Selain itu, menurutnya, Perma Mediasi terbaru tidak akan mempengaruhi kasus dan tidak memberikan dampak apapun karena ketika sebuah perkara sudah masuk ke pengadilan maka biasanya para pihak sudah menghendaki untuk masuk ke pokok perkara.
"Tapi biasanya kalau sudah masuk ke pengadilan inginnya masuk ke pokok perkara. Dan jarang sekali yang berhasil di mediasi, hanya sebagian kecil yang berhasil. Lagi pula ada juga kasus yang selesai tidak dimediasi, mereka damai di tahap replik atau duplik misalnya. Jadi tidak masalah. Tidak terlalu berpengaruh," tambahnya.
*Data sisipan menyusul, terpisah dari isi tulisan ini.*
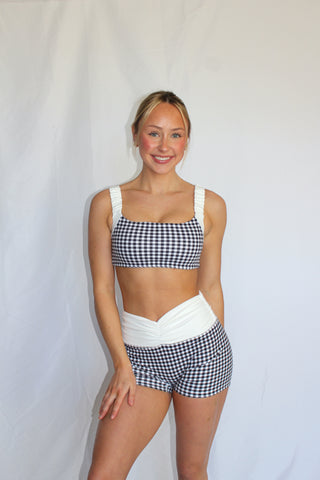 Gigi Gingham Sports Bra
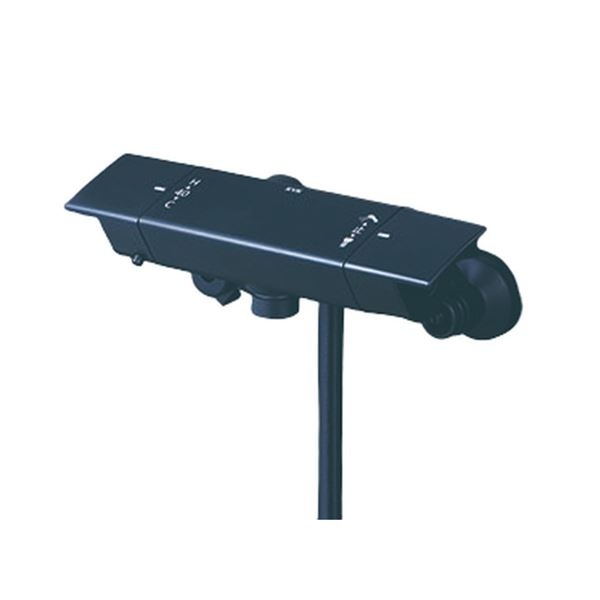 ▲KVK【KF3050MBHF】サーモスタット式シャワー マットブラック　ウルトラファインバブルシャワーヘッド付 浴室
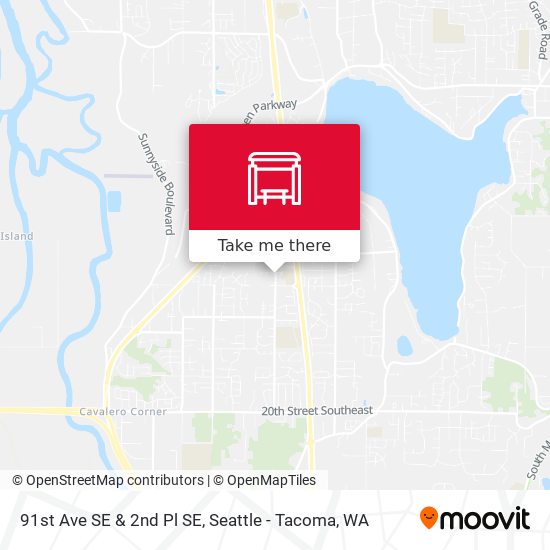 91st Ave SE & 2nd Pl SE map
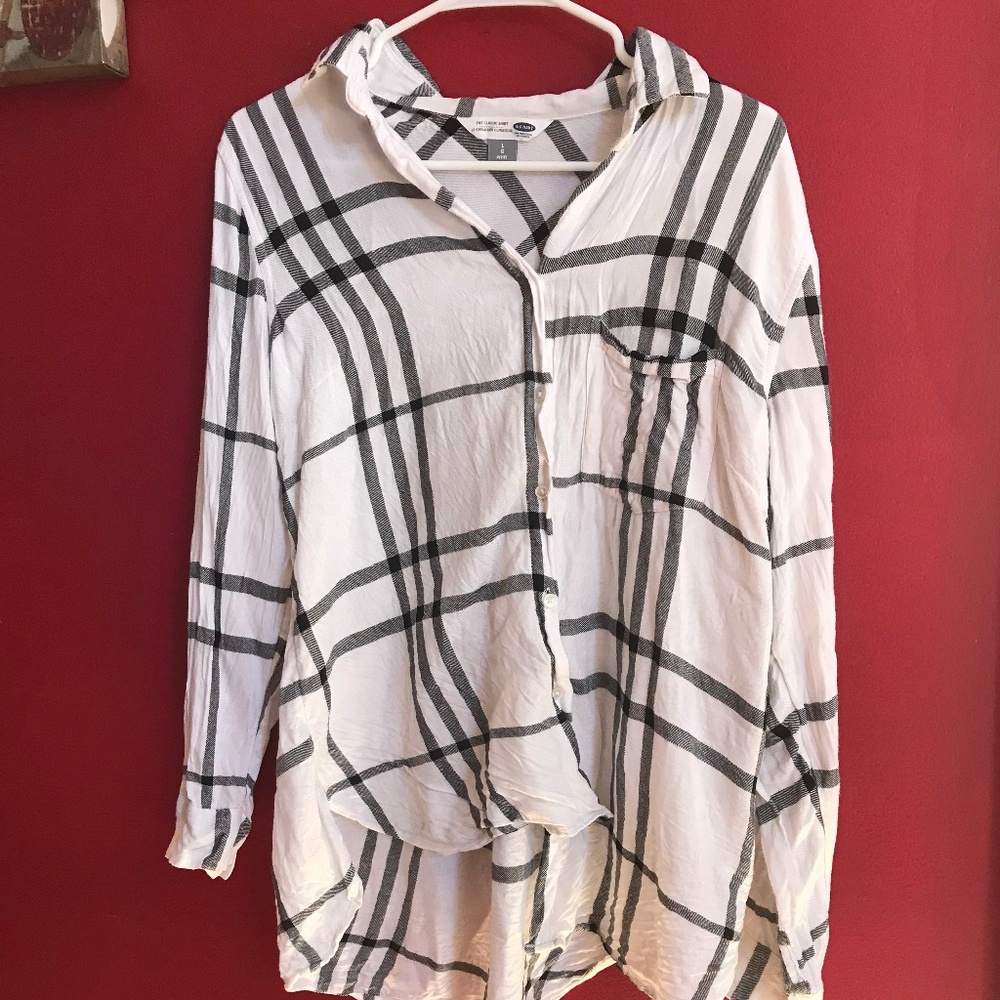 Black and White Plaid button down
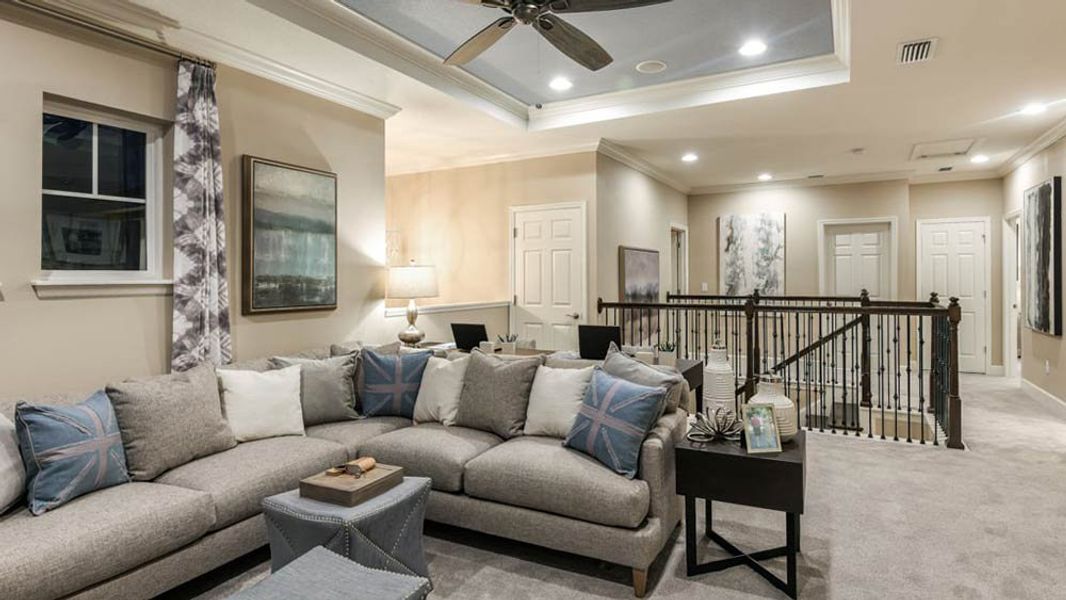 Furnished interior view inside a new home in Central Park, Port St. Lucie (Image 24).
Advokat Tumpak Tampubolon juga belum mengetahui secara jelas mengenai terbitnya Perma tersebut. Dia hanya tahu ada konsepnya, namun tidak mengetahui sudah keluar Perma-nya. Namun, menurutnya, jarang mediasi yang berhasil dan hanya formalitas saja. Sehingga, dibutuhkan perbaikan tidak hanya perbaikan regulasi tetapi juga perbaikan teknis.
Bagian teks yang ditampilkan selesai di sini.